Shifting to a breakfast based around protein and good fats, think eggs, nuts, seeds, Greek yoghurt and avocado, stabilises blood sugar from the start. What you eat at 7am will shape how you feel at 3pm. And over time, that daily stability starts to support hormonal balance across the whole month.
Build micro-moments into your working day
Through perimenopause and post-menopause, a whole accumulation of hormonal shifts, from progesterone and oestrogen to the neurotransmitters they influence, can impact our stress resilience: how well we’re able to cope with and bounce back from stress. Layer that on top of years of high performance, disrupted sleep, and the mental load that most women are already carrying, and it’s not surprising that many women end up spending their working day in a low-grade fight-or-flight state without realising it.
But thankfully, there’s more we can do about this than you might think. Research increasingly supports the idea that resolving the source of your stress and releasing that stress from your body are two separate processes. You can finish the deadline, get through the meeting, handle the difficult conversation, and your body can still be holding that tension because the physiological stress cycle was never completed.
This is why I recommend micro-moments: small, deliberate pauses during the day, two or three minutes at most, that give your nervous system a signal of safety. One technique I use with executive clients is simply lying flat, even under a desk, for two minutes. It sounds almost too simple, but lying horizontal takes you out of the fight-or-flight posture and the women who do this regularly, particularly those experiencing anxiety, say it has been transformative.
If that’s not practical for your workplace, a physiological sigh works well: a double inhale through the nose followed by a long exhale through the mouth. Research from Stanford found that practicing this for five minutes reduced stress more effectively than mindfulness meditation, but even a single breath can help in the moment.

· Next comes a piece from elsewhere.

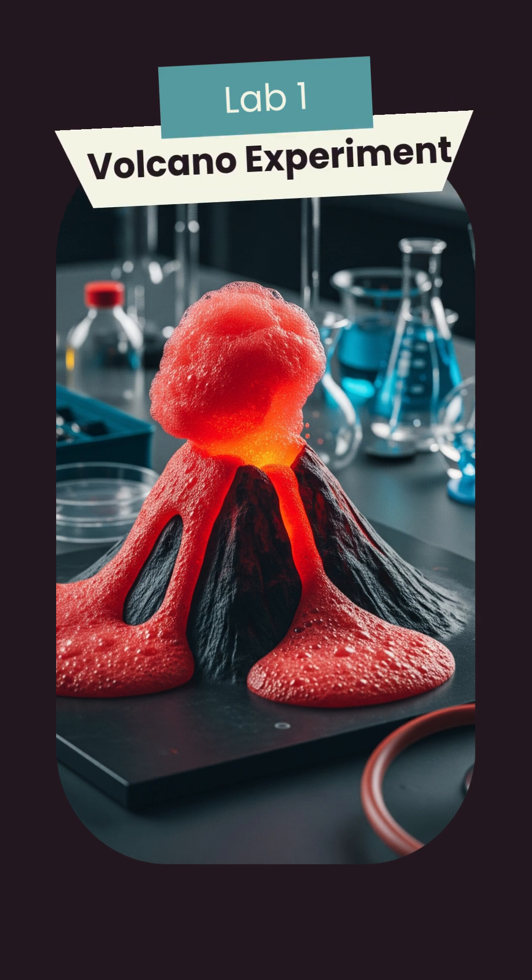Welcome friends. Today we are going to do a super cool science experiment, a volcano experiment. Are you ready?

These practices may seem like luxuries that you don’t have time for. But they’re how you complete a stress cycle your body has been holding open, possibly for hours. And that is body literacy in action: noticing the tension, and then actually doing something about it.
Pick one thing and let it compound
If there’s one message I give every woman I work with, it’s this: don’t try to change everything at once. You already have enough to manage. The compounding effect of one small, consistent shift is more powerful than a dozen changes abandoned after a week.

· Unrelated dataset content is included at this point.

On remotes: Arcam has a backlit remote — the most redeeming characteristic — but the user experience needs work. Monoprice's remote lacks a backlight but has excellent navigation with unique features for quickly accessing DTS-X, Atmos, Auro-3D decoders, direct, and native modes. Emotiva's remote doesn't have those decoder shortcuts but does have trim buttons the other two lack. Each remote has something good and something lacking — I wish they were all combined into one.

Maybe it’s the breakfast. Maybe it’s two minutes of lying flat between meetings. Maybe it’s simply starting to notice where you are in your cycle before you judge your own performance. Pick the one that feels achievable right now, not the most impressive one, the one you’ll actually do, and build from there.
Your body has been communicating with you for a long time. Body literacy is learning to hear it, and then learning to respond.